A post by Virtualapiz, "Are we talking about the same thing?" sums up a bit of where I am right now. Doubts, work stresses, anxiety from my non-tango life are filtering into my dancing. And I catch myself wondering, does my leader see/feel this dance the way I do? I enjoy dancing with him, but does he enjoy dancing with me? Am I weighing down his shoulder? Pulling him off his axis? Giving back enough energy?
When I first started tango, I didn't know enough to know how badly I was doing. In that state - I was completely open to the experience - to everything anyone would teach me. It seems now that I know just enough to doubt everything else. As another tango blogger quoted from the book, The Shack - in the beginning, I was in a state of expectancy - not expectation.
Now I catch myself constantly questioning - shouldn't I be better than this by now? Shouldn't I be able to push my leg back further by now? Should I still be missing cross leads? Why am I still tilting on my axis during ochos?
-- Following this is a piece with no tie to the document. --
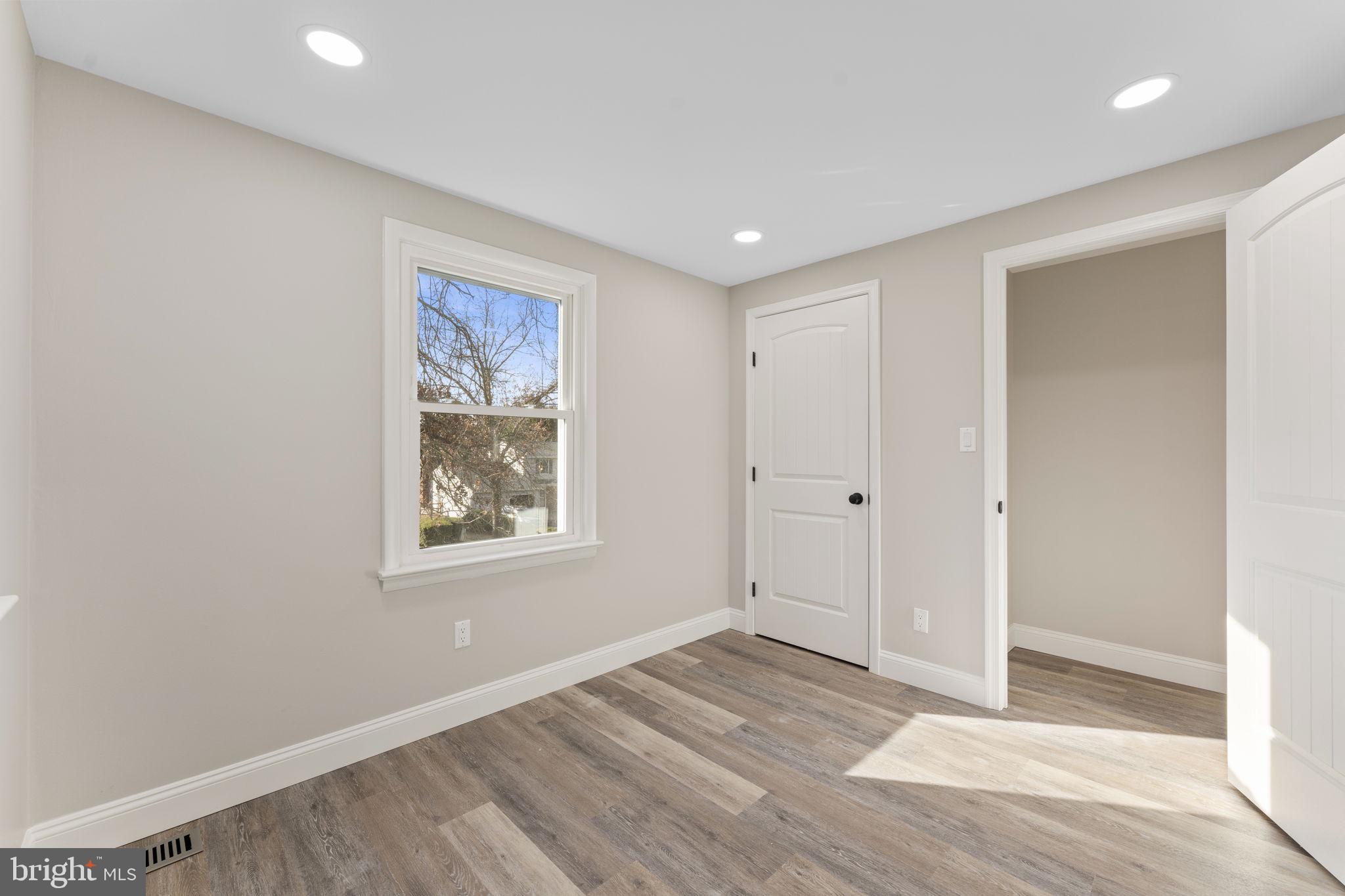 PLEASANT MDWS - Residential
During practica, a leader told me to push further back with my leg, saying, "I shouldn't feel your leg here." He led the step again, and again my leg was in the way. "Further than that," he said. I snapped back, "I can't go back any further!"
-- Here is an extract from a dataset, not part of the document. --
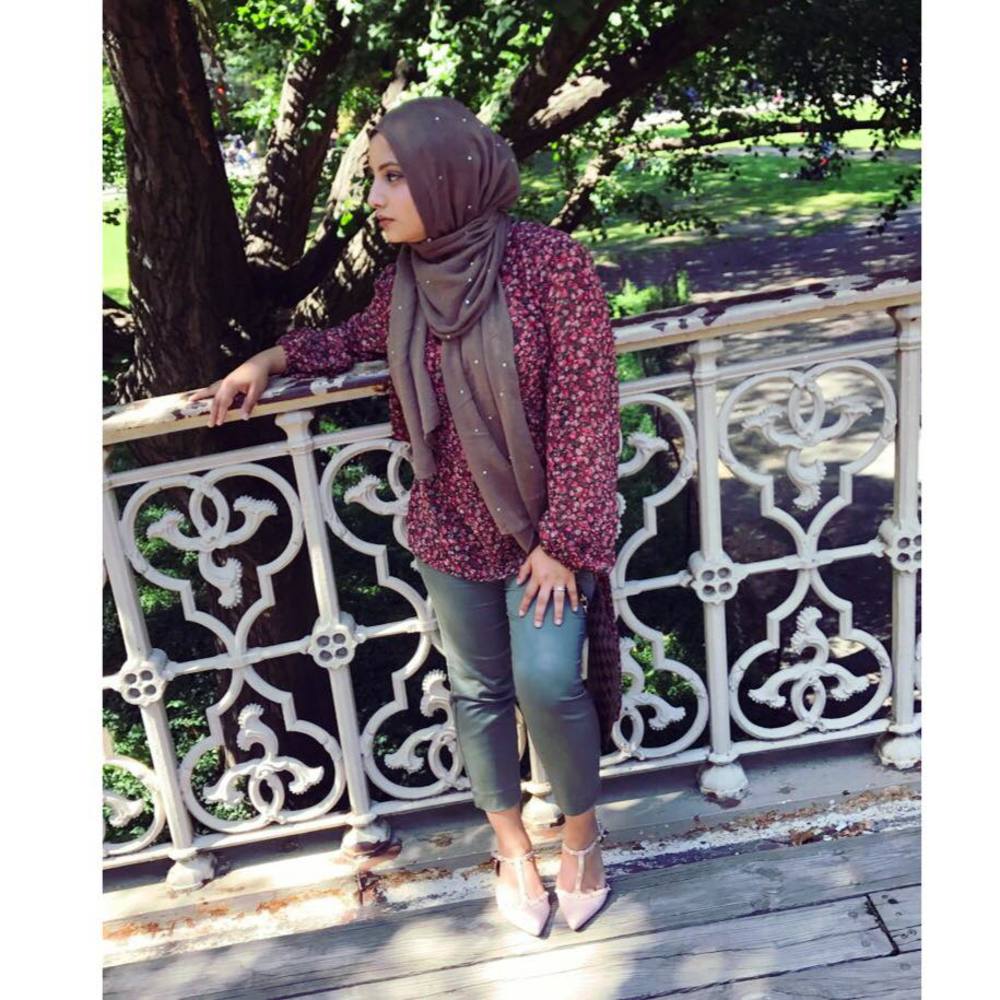 Meet your Posher, Nida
Where did that come from? Why was I suddenly defensive about a step? Was I just tired? Bitchy? PMS?
That's not the only thing I'm questioning. Am I spending too much time dancing with the same 1 or 2 leaders because I don't want to leave my comfort zone? Do I feel (to my partner) negative when I dance? I need tango these days - I need the milongas for the energy and, conversely, the peacefulness, that I get from them. But am I giving that energy back - or am I only taking?
How much of this is my tango and how much of this is insecurity in my life - the non-tango place I live? I need to be in the moment of the dance, the music, my partner - not carrying with me all of the weight of day/week/life. There's no room in the dance for that baggage - but there it is, weighing down my legs.
I know better than this. It's time to go back to the beginning, to where I started the journey, and get back on the right track again.